La censura si ferma, però, qui, mentre la parte avrebbe dovuto spiegare in che modo la sentenza gravata abbia in concreto violato, o falsamente applicato, le norme appena richiamate e come sopra interpretate, mediante la rappresentazione delle caratteristiche dei beni oggetto di imposizione, desumibili da atti specificamente indicati, rilevanti ai fini della individuazione della effettiva potenzialità edificatoria.

Il motivo si risolve, in sostanza, nell’enunciazione di un principio di diritto e nella generica allegazione della violazione dello stesso, come tali, non idonee ad interare il contenuto necessario del ricorso.

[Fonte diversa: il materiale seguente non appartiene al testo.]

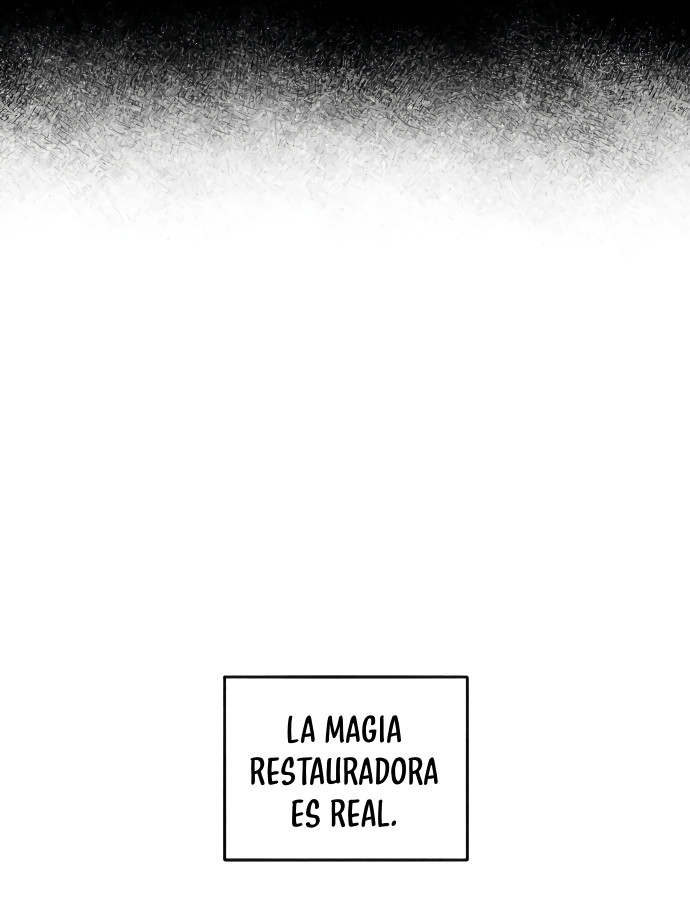 Página 119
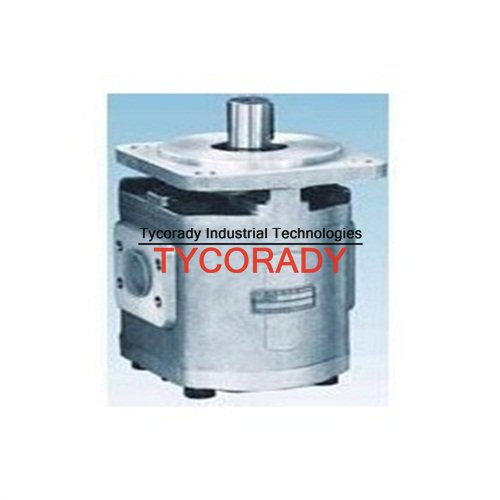 德國(guó)CMG電機(jī)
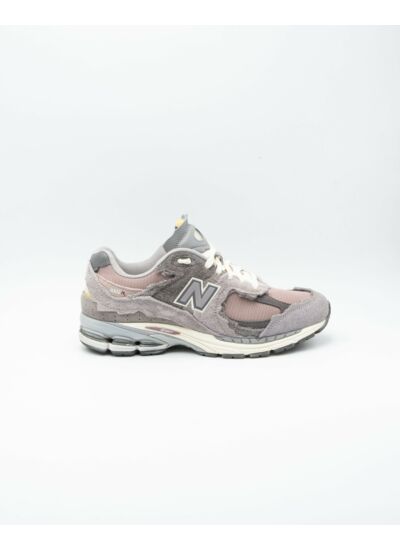 New Balance 2002R Protection Pack Lunar New Year Dusty Lilac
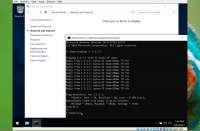 1170x768
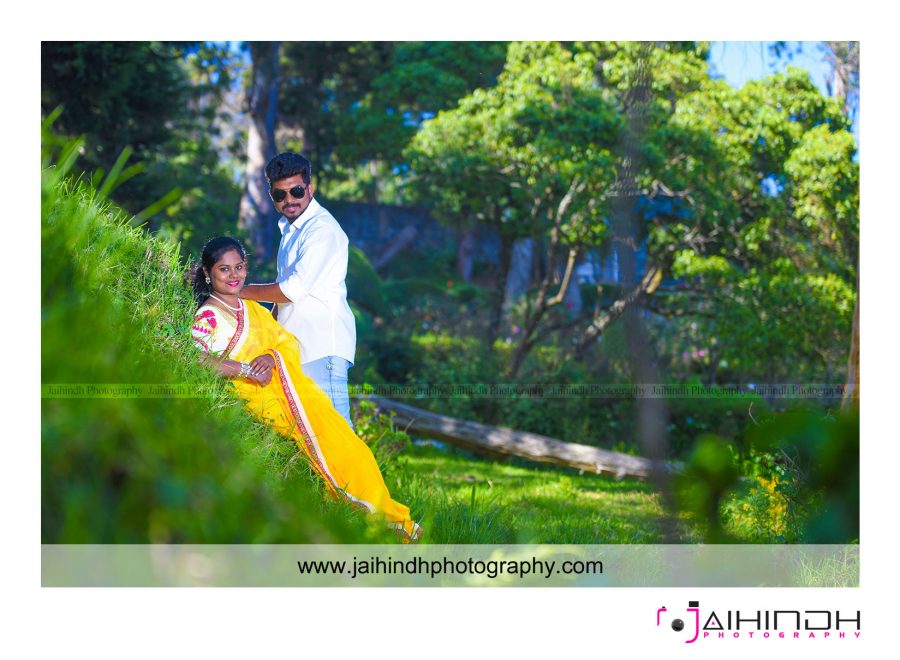 Candid photography in Karaikudi, Wedding Photography in Karaikudi, Best Photographers in Karaikudi, Candid wedding photographers in Karaikudi, Marriage photography in Karaikudi, Candid Photography in Karaikudi, Best Candid Photographers in Karaikudi. Videographers in Karaikudi, Wedding Videographers in Karaikudi.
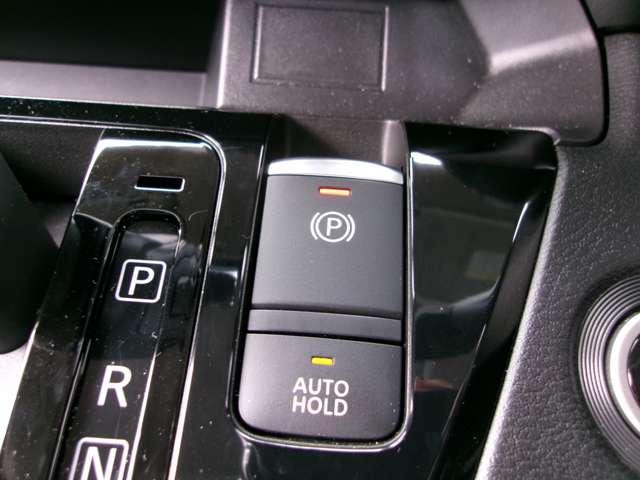 ルークス 660 ハイウェイスターGターボ プロパイロット エディション メモリーナビTV(MM223D-L) 両側パワードア アラウンドビュ プリクラッシュセーフティー メモリナビ アダプティブクルコン レーンキープ 禁煙 インテリキ- ETC LEDヘッドライト アイドリングストップ ドライブレコーダー(20枚目)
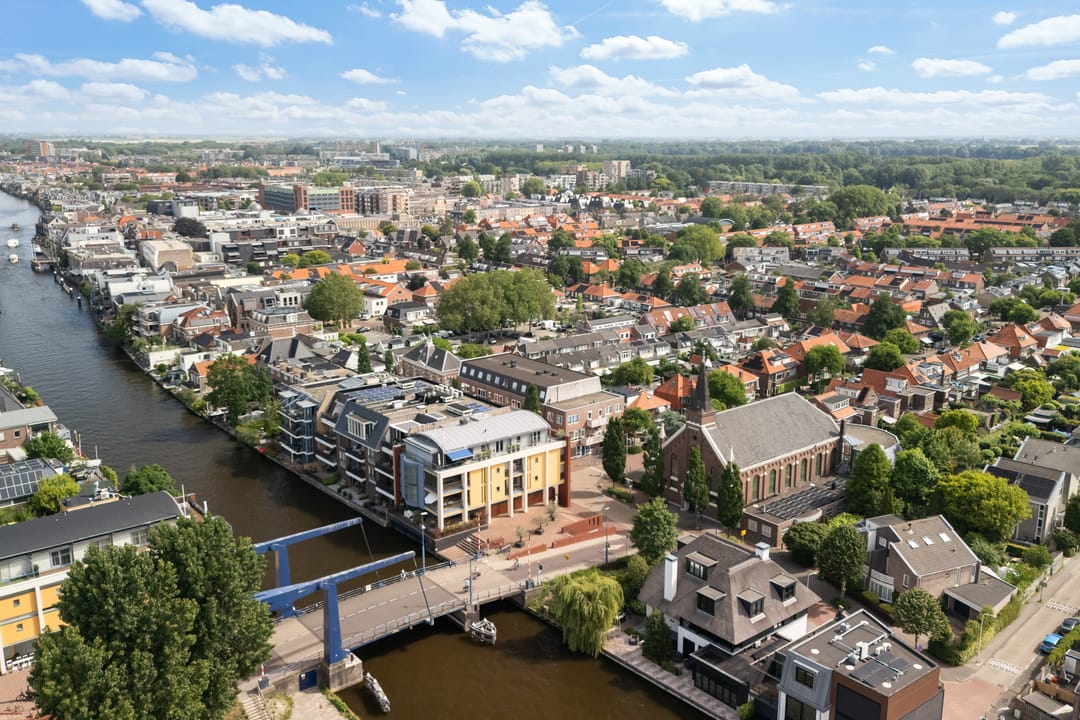 Photo 37 of Prins Hendrikstraat 126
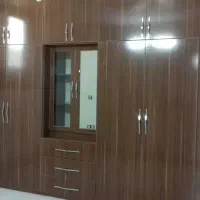 واحد اجاره ای خیابان معلم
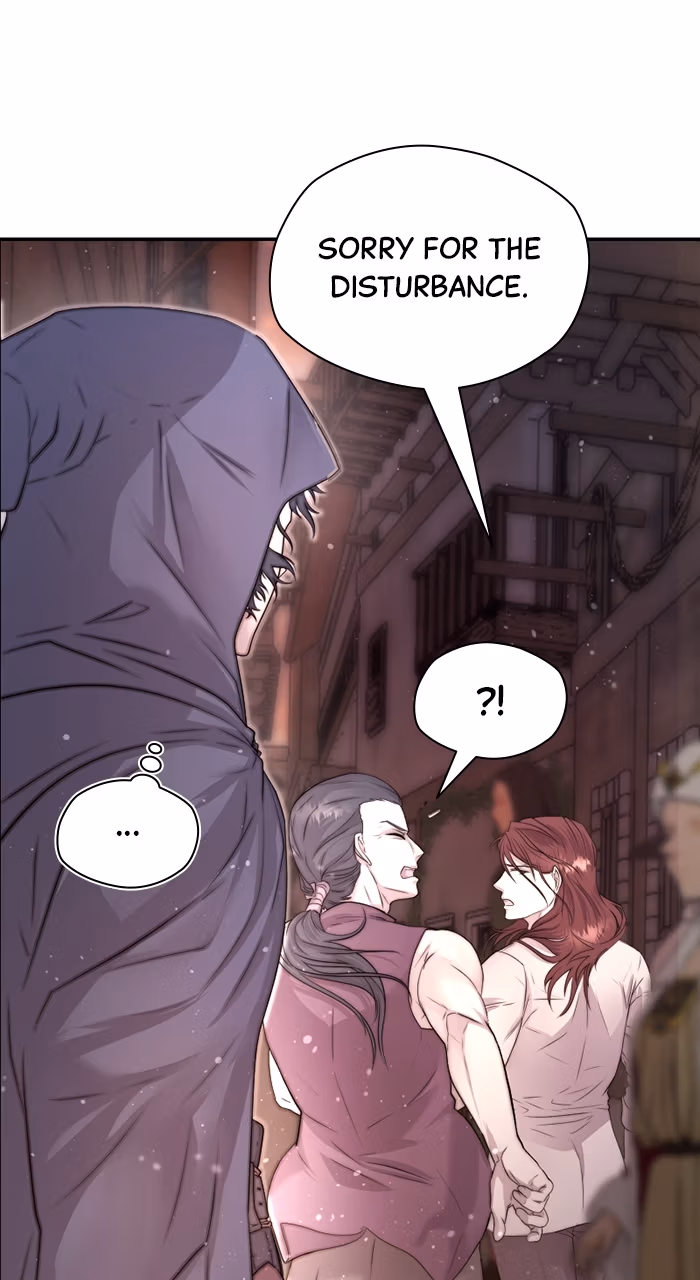 KESTREL Chapter 5 page 11 - 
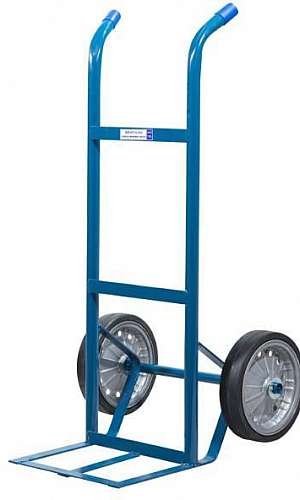 carrinho de mão para carga carrinho de mão para carga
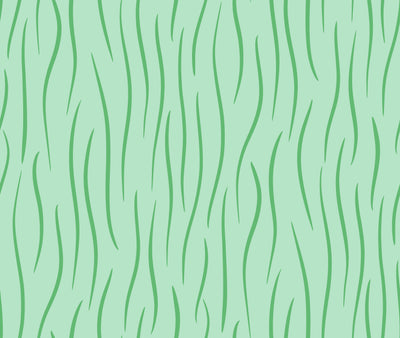 Meadow Stripes
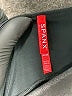 SPANX Black Leggings Size Med Petite - photo 7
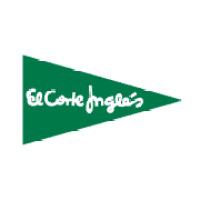 elcorteingles.es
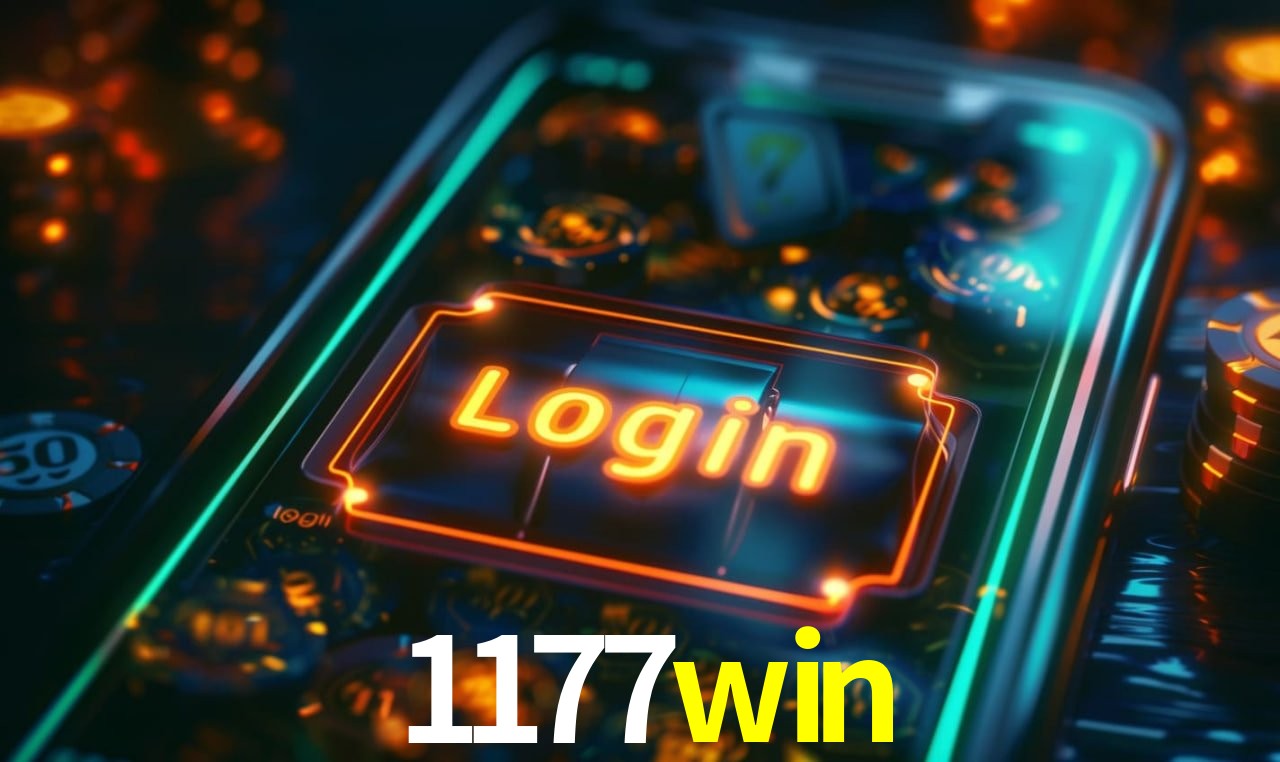 Sports Statistics 1177win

5. E’ inammissibile anche il secondo motivo, per le stesse ragioni sopra esposte.

Parte ricorrente ha dedotto l’omessa valutazione delle caratteristiche attuali del bene, per avere la CTR avallato la determinazione del valore venple dei beni in questione in base ai criteri indicati nel regolamento comunale previsto dalla L. n. 446 del 1997, art. 59 adottato ben quattro anni prima, ma non ha descritto quali siano tali caratteristiche effettive dei beni, solo genericamente menzionato, né ha indicato gli atti dai quali poterle ricavare.

6. In conclusione, il ricorso deve essere rigettato.

7. La statuizione sulle spese di lite, liquidate in dispositivo, segue la soccombenza.

8. In applicazione del D.P.R. n. 115 del 2002, art. 13, comma 1 quater, si deve dare atto della sussistenza dei presupposti processuali per il versamento da parte della ricorrente di un ulteriore importo a titolo di contributo unificato, pari a quello dovuto per l’impugnazione proposta, se dovuto.

P.Q.M.

la Corte rigetta il ricorso;

condanna la ricorrente alla rifusione delle spese di lite sostenute dal controricorrente, che liquida in Euro 2.000,00 per compenso, oltre rimborso spese forfettario e accessori di legge;

dà atto, in applicazione del D.P.R. n. 115 del 2002, art. 13, comma 1 quater, della sussistenza dei presupposti processuali per il versamento da parte della ricorrente di un ulteriore importo a titolo di contributo unificato, pari a quello dovuto per l’impugnazione proposta, se dovuto.

Così deciso in Roma, nella camera di consiglio della V Sezione civile della Corte suprema di Cassazione, mediante collegamento “da remoto”, il 2 marzo 2021.